LONDON, United Kingdom — 2017 ended on a better note than expected, notably with strong results coming out from sector bell-weather LVMH. This prompted the Savigny Luxury Index ("SLI") to climb over 2 percent, whilst the MSCI gained 1.5 percent.
Good news from the big players so far: LVMH posted record sales for 2017 with a like-for-like sales growth of 12 percent, double the rate of 2016, with its fashion and leather goods divisions performing particularly well; Richemont and Swatch also impressed investors with solid sales growth in the last quarter and in the last year respectively. All three groups talked about a significant improvement of demand in China. This sentiment was echoed in Brunello Cucinelli's preliminary sales figures for 2017, which registered a 36 percent increase in Greater China. US-focused players Tiffany and Luxottica benefited from one of the USA's strongest holiday seasons in memory, which added momentum to both companies' sales performance for the financial year.
The bridging of online and offline retail, which has become the holy grail of 21st Century luxury retail, is taking another baby step forward.

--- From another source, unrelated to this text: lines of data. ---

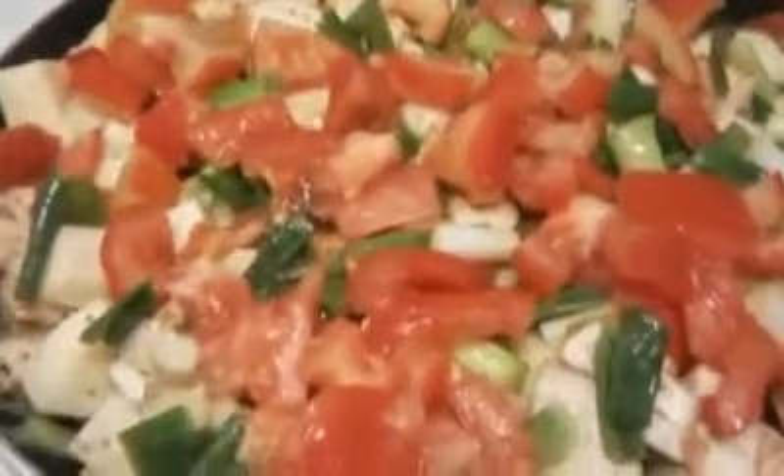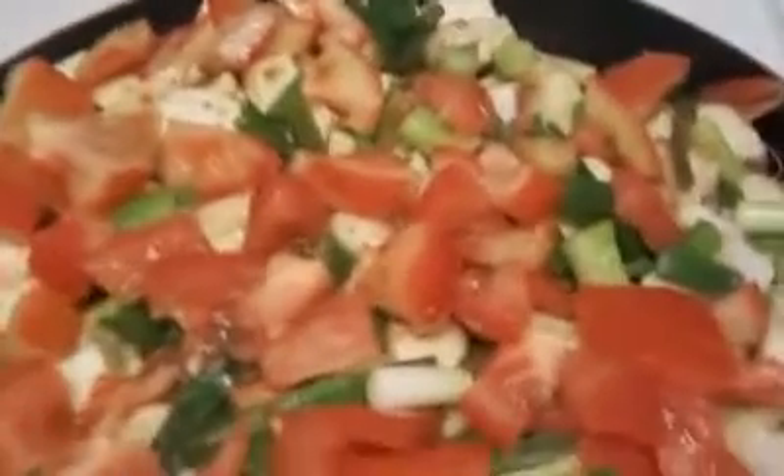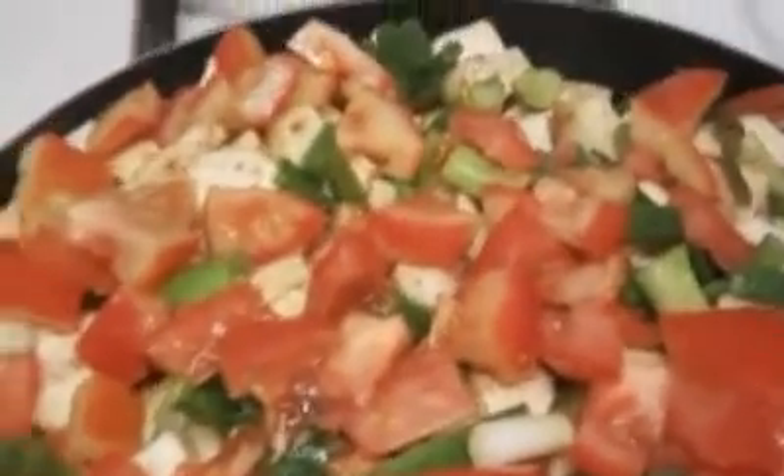I'm cooking some eggplants with tomatoes and onion scallion. I'm going to sauté them and then add some diced tomatoes from the can. Then I'm going to steam some cabbage and then some pasta. So this is how it looks.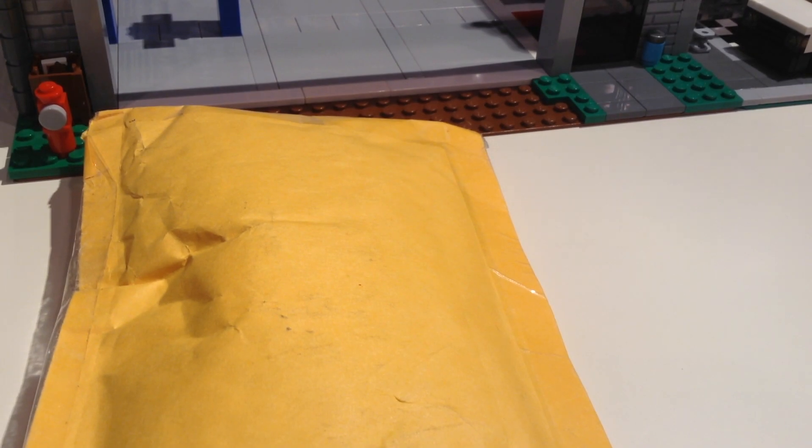Alright hey guys, today we're going to show you my first kind of tiny haul. This is just a few things I'm going to use for cars and some rims and stuff. We actually got this from a full man from his BrickLink, and yeah, I'm going to open this little bag here and we'll get right into it.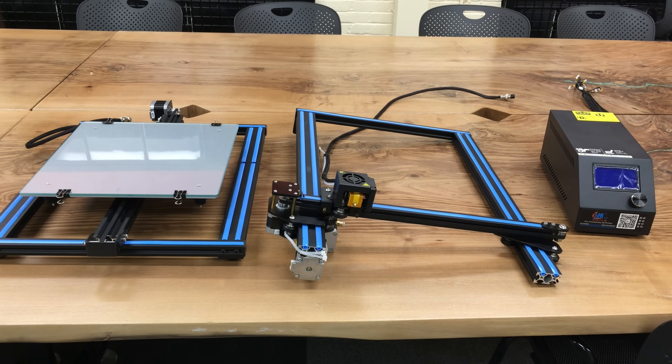Hello everyone, welcome to the Creality CR10 assembly video. In this video I'm going to show you step by step how to assemble the Creality CR10 and start 3D printing our very first objects.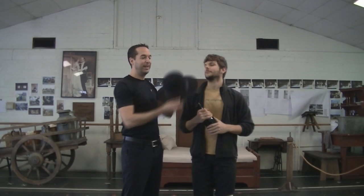Rehearsing the iconic bottle dance from Fiddler on the Roof, I chose to do it with no tricks. We have a regular old hat — it's the real deal. And the boys just have to balance the bottles on their heads.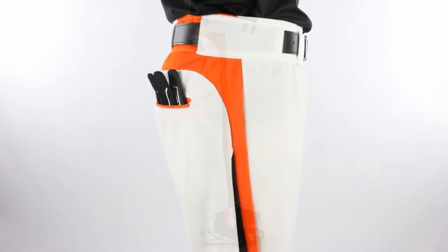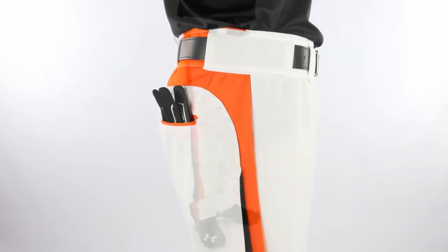Youth through adult 3XL sizes are available. Purchase online at homegrownsportinggoods.com today.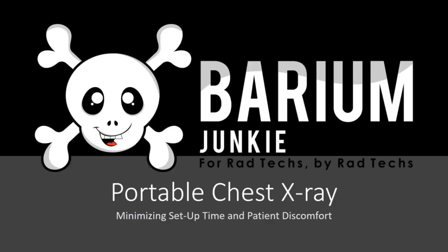Hey guys, welcome to my video on portable chest x-rays. Are you having trouble with portable chest x-rays? Do you find yourself taking longer than usual to set up and get your image? Today I'm going to show you a tried-and-true method for a portable chest that'll shave minutes off your setup time and decrease the amount of time your patient is uncomfortable.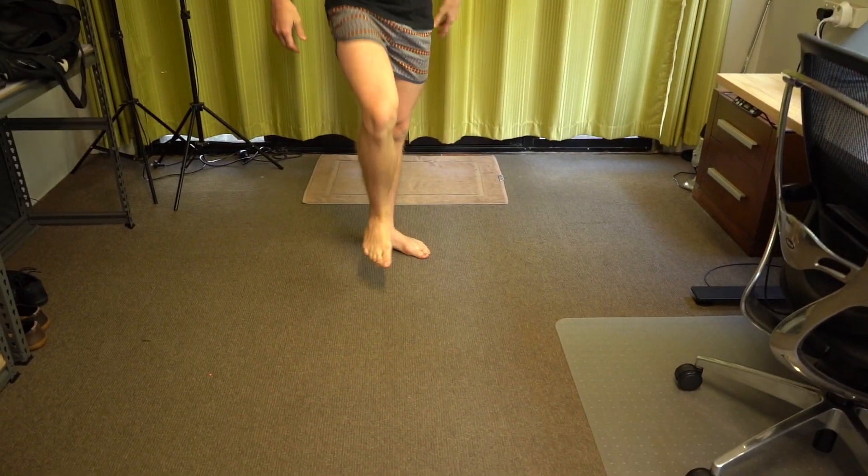You know, between saying and doing, many a shoe has been worn out. Except not in our case, because we're not wearing shoes — we're wearing nature's shoes.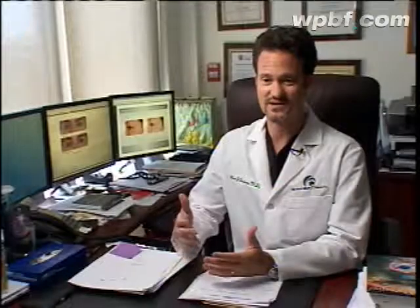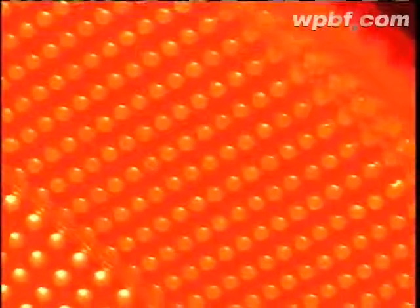Phototherapy is an exciting technology because it's a non-surgical, non-invasive, non-chemical, no side effect option. But Dr. Alan Bauman also uses it to treat the most common signs of aging — the wrinkles around your eyes.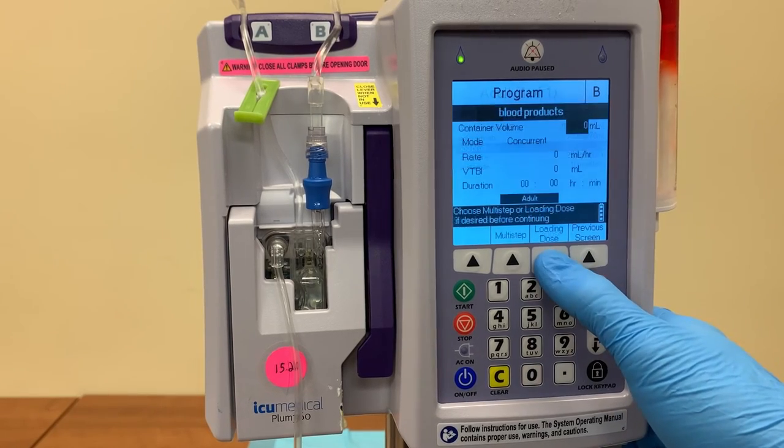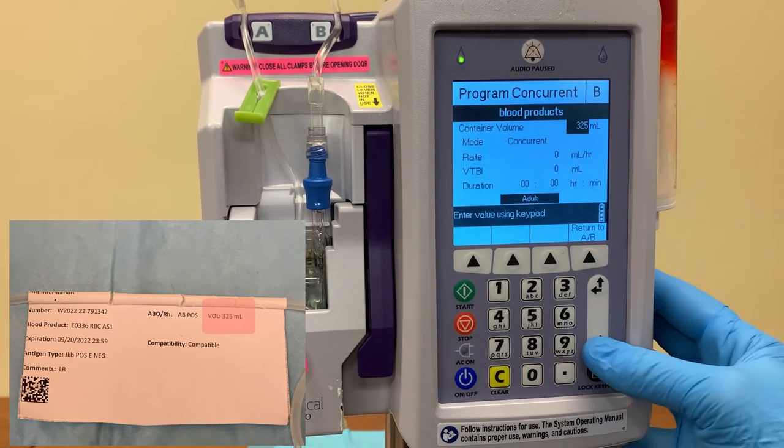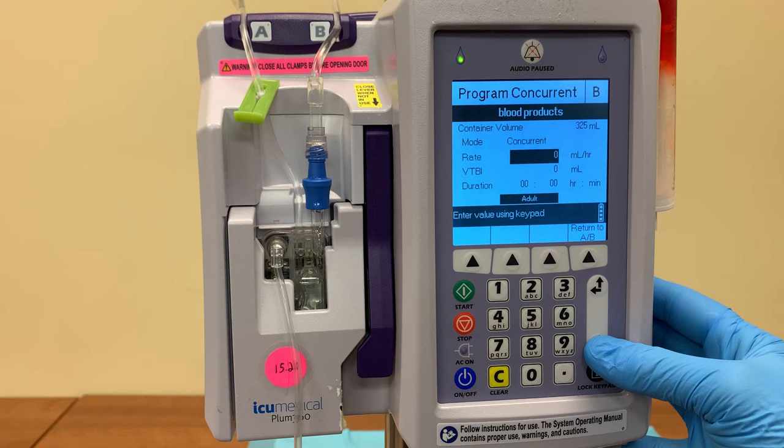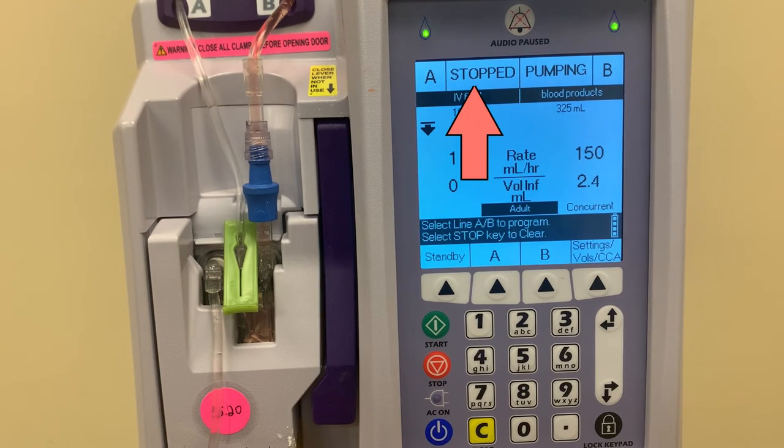Program the B line to blood products. Enter the total volume of the bag, which can be found on the sticker attached to the blood product bag. Every unit of blood is not the same, so always verify the volume before programming. You'll notice that the pump does not allow products to be run at anything other than concurrent. We don't really want any fluids added to the blood — it could lead to fluid overload — and that's why we set the A line rate to only 1 milliliter an hour, so even if both lines are running concurrently, essentially no fluid is being added to the blood. After programming the B line, make sure that the A line is stopped and the B line is running.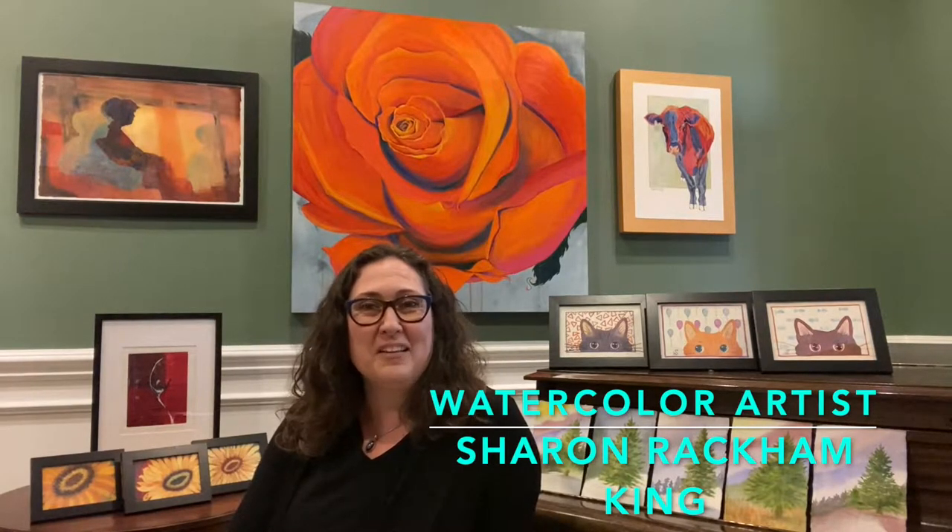Hi! I'm Sharon Rackham King, an artist in Corvallis, Oregon. I use she/her pronouns and I paint primarily in watercolors and acrylics. I always love to sit down and paint, but today I'm particularly excited because I get to share with you how I enjoy painting evergreen trees. Let's get started!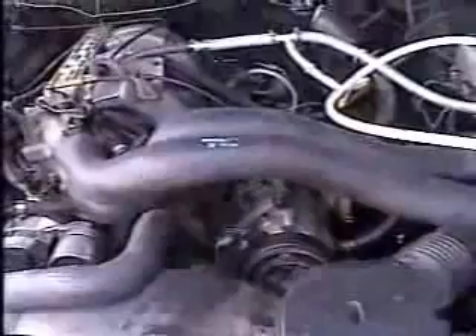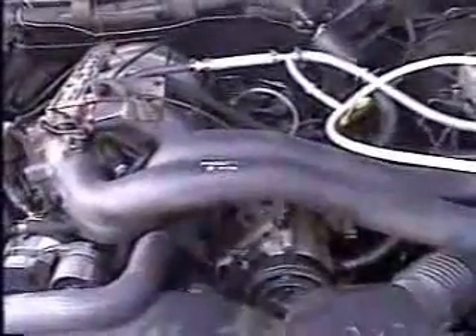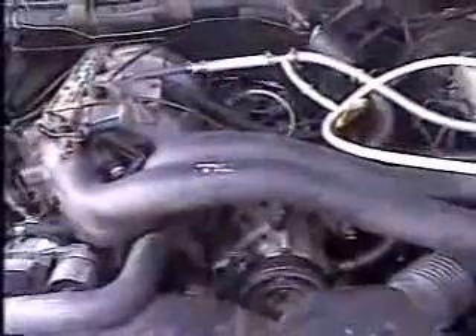The engine compartment of a 1990 Ford F-150 pickup truck with a 5-liter V8. What we're about here is to demonstrate how to install the fuel cell that creates hydrogen and oxygen that we use to run this vehicle.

Farfetch is developing new technology that allows customers to flag a wish list of items via their phones when they stroll into a store, or even tell assistants that they do not want to be approached whilst shopping. The marketplace giant, which acquired iconic London multi-brand retailer Browns in 2015, is currently trialling the technology and plans to roll it out to select retail partners soon.
2018 has started with a bang for mergers and acquisitions, with a number of large scale transactions being announced. Richemont launched an offer to acquire the shares in Yoox Net-A-Porter that it didn't own — the terms of the deal valuing YNAP as a whole at 5.3 billion euros (about $6.5 billion). Kering announced its intention to spin off 70 percent of German sportswear giant Puma to its shareholders, with the group retaining 16 percent. There were also rumours that the luxury conglomerate was considering a split with Stella McCartney, with the designer buying back the group's 50 percent stake. In health and beauty, a tweet by India-based Patanjali Ayurveda's spokesperson revealed that L Catterton was willing to invest $500 million in the well-being brand.
Hedi Slimane has returned to the LVMH fold as creative and image director of Céline. Hedi will spearhead the brand's extension into menswear, fragrances and couture, with the goal to double the brand's sales to €2 billion within the next few years. Elsewhere within the LVMH group, Kim Jones announced his departure as menswear designer of Louis Vuitton, fuelling speculation that he might move to Versace or to Burberry.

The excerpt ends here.